_DATA PROVIDED_
- - - -

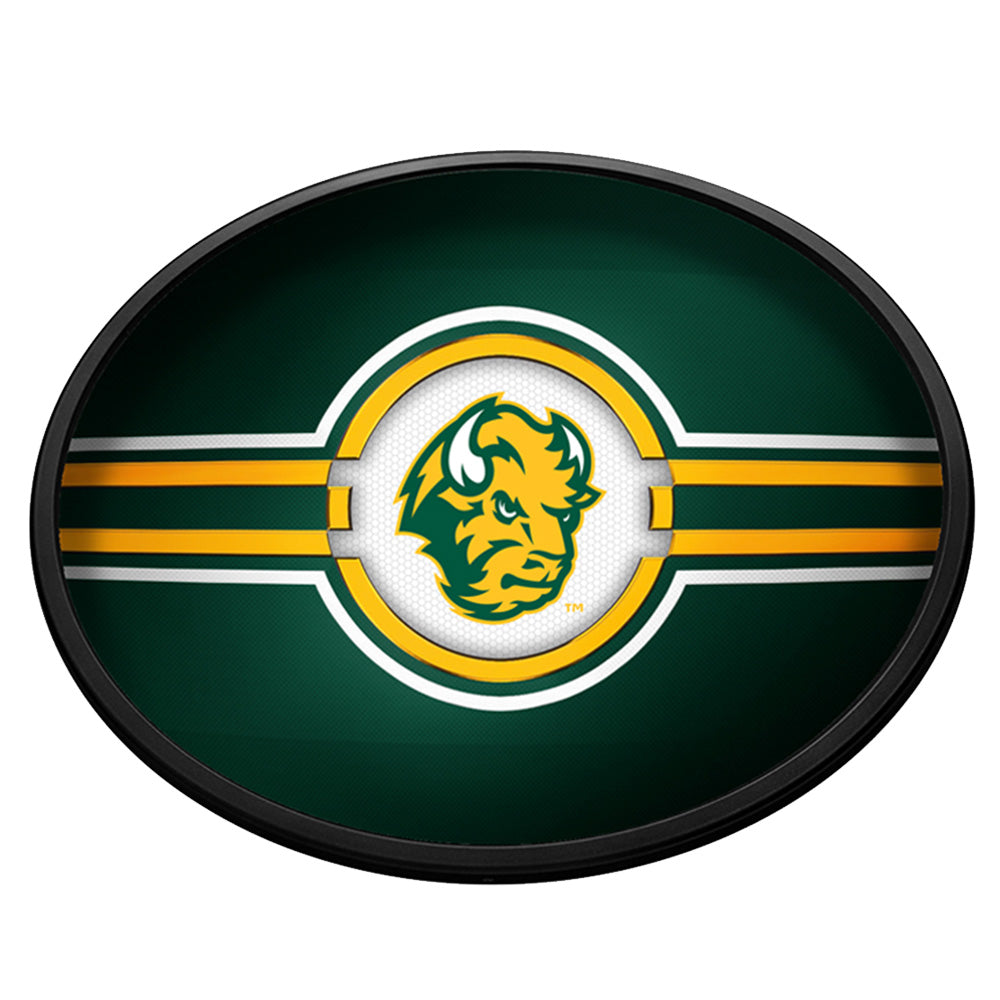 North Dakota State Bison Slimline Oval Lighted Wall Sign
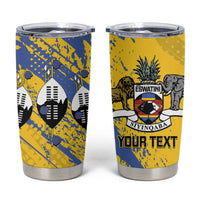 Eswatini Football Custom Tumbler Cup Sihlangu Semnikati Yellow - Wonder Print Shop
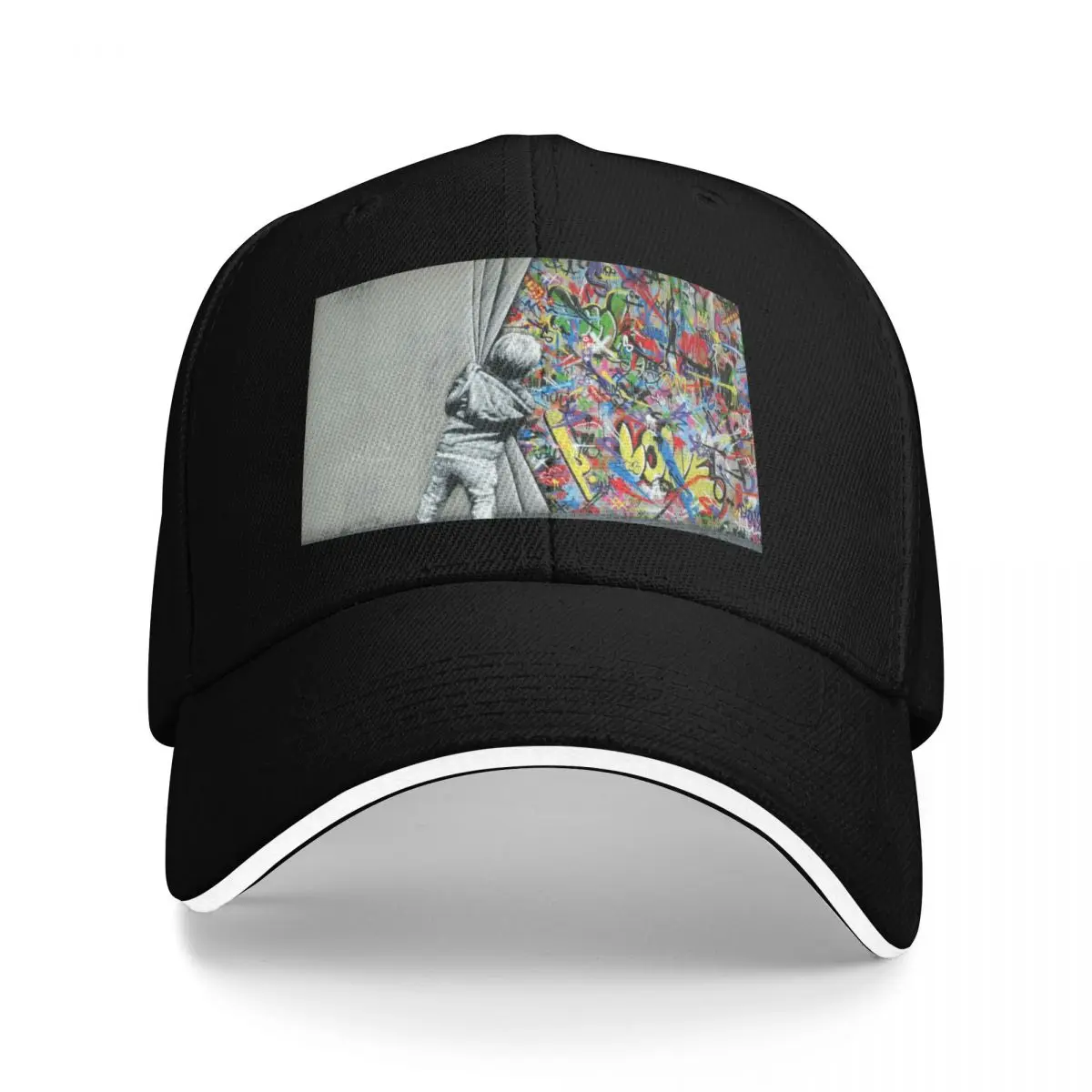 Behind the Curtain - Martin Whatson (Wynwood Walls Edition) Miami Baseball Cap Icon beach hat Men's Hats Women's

- - - -

_TASK REQUIREMENTS_
Please copy out each line above exactly as written, but not the pictures.

_SOLUTION TO THIS PROBLEM_
 North Dakota State Bison Slimline Oval Lighted Wall Sign
 Eswatini Football Custom Tumbler Cup Sihlangu Semnikati Yellow - Wonder Print Shop
 Behind the Curtain - Martin Whatson (Wynwood Walls Edition) Miami Baseball Cap Icon beach hat Men's Hats Women's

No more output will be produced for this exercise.